Objective: Resident education is evolving as more cases move from open to minimally invasive. Many programs struggle to incorporate minimally invasive surgery education due to increased operative time and higher cost when residents participate. The aim of this paper is to examine if the implementation of a robotics curriculum enhances minimally invasive surgical training.
Design: A retrospective review of all ventral and inguinal hernia cases performed from March 2013 to November 2017 was conducted to determine operative technique utilized (open, laparoscopic, or robotic) and resident involvement. The study cohorts surrounded the introduction of a robotic curriculum in July 2014, and the time frames examined were labeled as Before-robotic, After-robotic, and re-visited examination was done labeled Long-term.

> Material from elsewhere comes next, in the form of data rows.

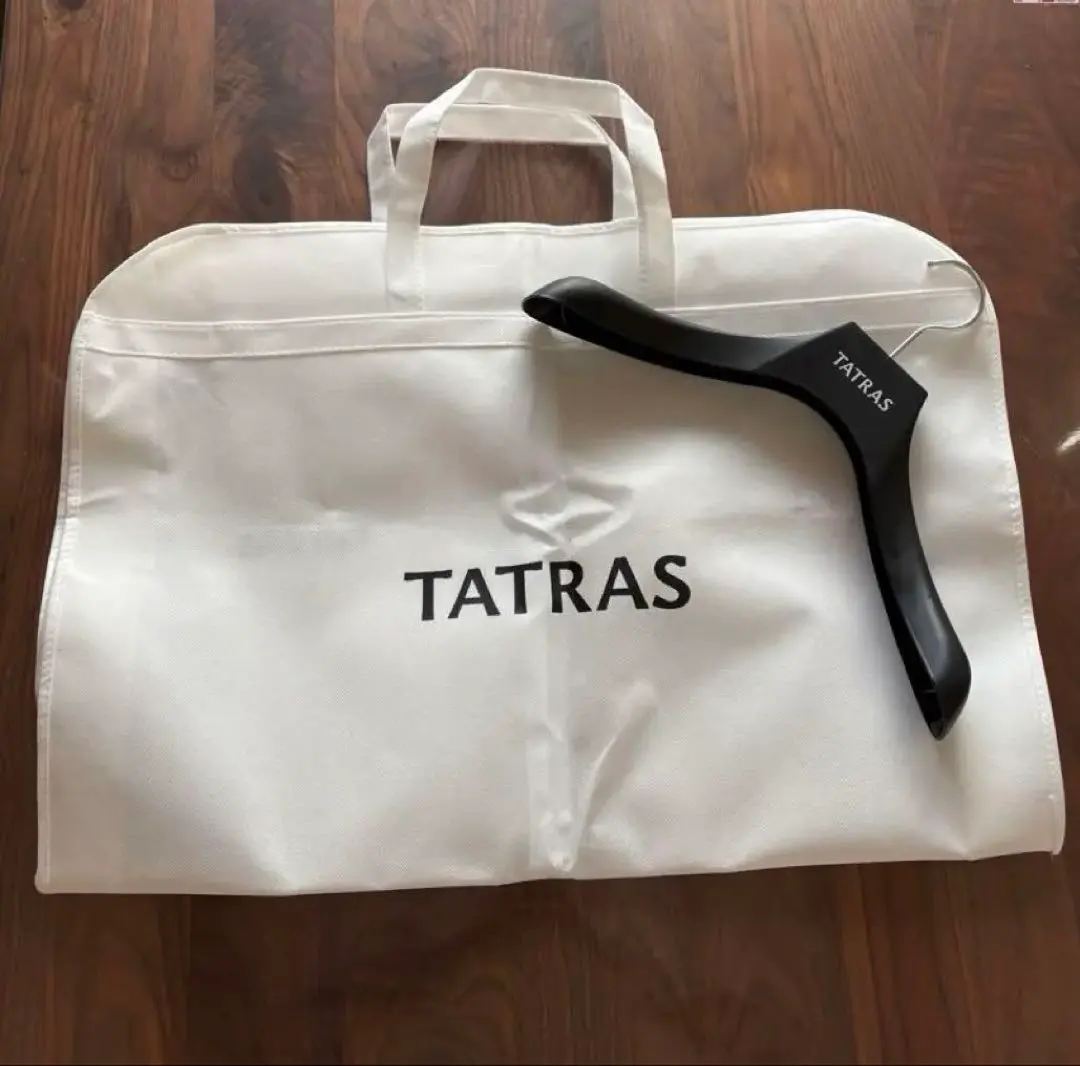 2026年最新】TATRAS ガーメントバッグの人気アイテム - メルカリ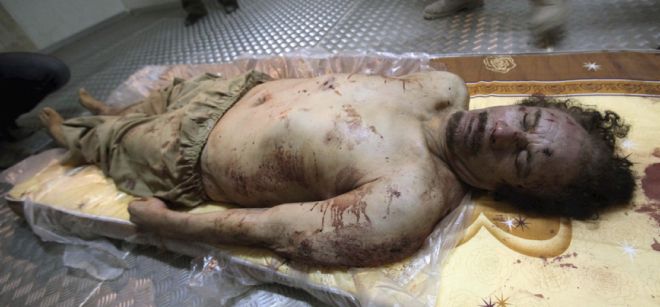 El cadáver del exlíder libio Muamar al Gadafi permanecía en una cámara frigorífica.
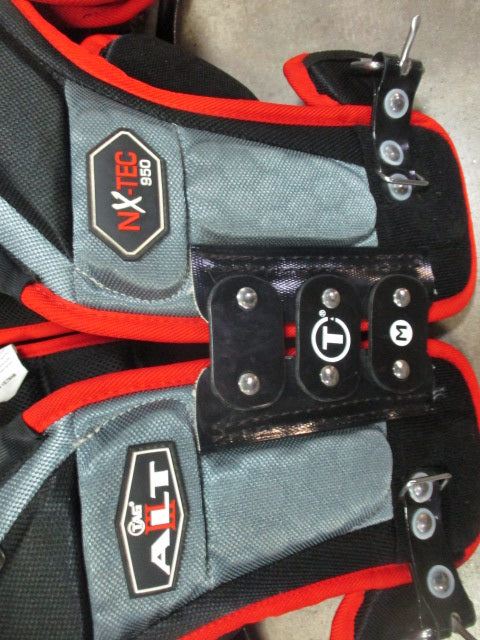 Load image into Gallery viewer, Used Tag Alt III Nxt-Tec 950 Football Shoulder Pads Size Medium
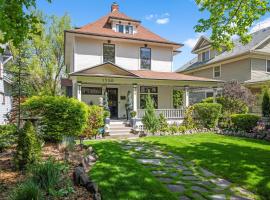 NEW! Updated South Hill Craftsman Sleeps 12!, готель у місті Спокен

Setting: The study was performed at a large quaternary care referral center.
Participants: The participants were all patients who underwent ventral and inguinal hernia repairs on the general surgery, transplant, or colorectal service.
Results: Before-robotic had 739 hernia cases performed: 642 (87%) open, 93 (13%) laparoscopic, and 4 (0.5%) robotic. After-robotic had 682 hernia cases performed: 529 (78%) open, 54 (8%) laparoscopic, and 99 (15%) robotic. Long-term had 792 hernia cases performed: 603 (76%) open, 25 (3%) laparoscopic, and 164 (21%) robotic. The general trend was towards an institutional decrease in open cases and an increase in robotic hernia cases. Resident participation in the robotics cases across all levels increased after the implementation of the robotic curriculum.
Conclusions: Implementation of a robotic curriculum can enhance minimally invasive surgical training experience for general surgery resident education.
Keywords: Inguinal Hernia; Patient Care, Interpersonal and Communication Skills; Practice-Based Learning and Improvement; Resident Education; Robotic Curriculum; Ventral Hernia.